A simple hierarchical state machine compiler that generates C.

Overview

Makina

Makina is a work in progress. Use at your own risk.

Makina is a hierarchical state machine source-to-source translator. It takes state machine descriptions as input and produces C language implementations of those state machines.

Demo

Syntax

Each file given as input to the Makina compiler represents a single state machine. At the top of the file the name of the machine is specified with a machine statement:

Machines

machine Oven;

Here the machine is called Oven.

States

States are defined below that with state definitions:

machine Oven;
state closed {
    
}

Now the state machine Oven has one state called closed.

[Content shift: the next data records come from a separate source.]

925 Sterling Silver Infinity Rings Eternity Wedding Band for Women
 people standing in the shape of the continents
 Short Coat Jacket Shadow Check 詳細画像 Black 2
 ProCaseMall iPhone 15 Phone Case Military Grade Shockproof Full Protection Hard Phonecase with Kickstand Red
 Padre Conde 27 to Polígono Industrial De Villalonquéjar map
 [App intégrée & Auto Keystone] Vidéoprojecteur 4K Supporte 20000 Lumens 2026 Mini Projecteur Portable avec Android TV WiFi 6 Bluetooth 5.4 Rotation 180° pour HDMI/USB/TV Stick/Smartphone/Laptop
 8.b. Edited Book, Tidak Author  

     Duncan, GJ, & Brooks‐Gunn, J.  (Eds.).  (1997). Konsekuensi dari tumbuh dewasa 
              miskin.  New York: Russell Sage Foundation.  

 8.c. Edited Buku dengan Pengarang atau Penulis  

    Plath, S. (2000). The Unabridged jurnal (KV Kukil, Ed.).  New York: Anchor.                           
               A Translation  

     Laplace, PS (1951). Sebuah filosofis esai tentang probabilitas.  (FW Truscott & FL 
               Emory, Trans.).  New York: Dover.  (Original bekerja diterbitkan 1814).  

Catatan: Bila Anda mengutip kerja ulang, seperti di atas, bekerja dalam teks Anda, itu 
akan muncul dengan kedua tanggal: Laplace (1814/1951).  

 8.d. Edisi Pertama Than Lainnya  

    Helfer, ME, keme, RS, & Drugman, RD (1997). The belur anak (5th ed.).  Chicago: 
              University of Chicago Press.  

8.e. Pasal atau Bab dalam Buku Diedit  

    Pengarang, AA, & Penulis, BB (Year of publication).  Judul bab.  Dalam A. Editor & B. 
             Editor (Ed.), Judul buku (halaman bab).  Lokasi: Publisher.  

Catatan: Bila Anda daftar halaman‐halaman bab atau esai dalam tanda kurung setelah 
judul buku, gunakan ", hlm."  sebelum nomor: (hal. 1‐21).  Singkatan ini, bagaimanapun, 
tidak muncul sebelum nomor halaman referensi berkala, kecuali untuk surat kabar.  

Of course state machines usually have more than one state. As many states as are required can be added to a single machine:

machine Oven;
state closed {
    
}
state open {
    
}

Now Oven has two states: closed and open.

Event Handlers

In addition to states, state machines also define events. Events are triggers that cause the state machine to take action. In order to assign an action to an event a state must include an event handler that could look like this:

machine Oven;
state closed {
    on open -> open;
}
state open {
    
}

The state closed now has an handler for the event named open. The handler causes the machine Oven to transition from closed to open. The full syntax for an event handler looks like this:

on  [()] [] [->|--> ];

The things in angle brackets can be arbitrary identifiers that conform to the C language concept of an identifier. Things in square brackets are optional. In the case above the handler includes an optional transition target, but not a guard or action.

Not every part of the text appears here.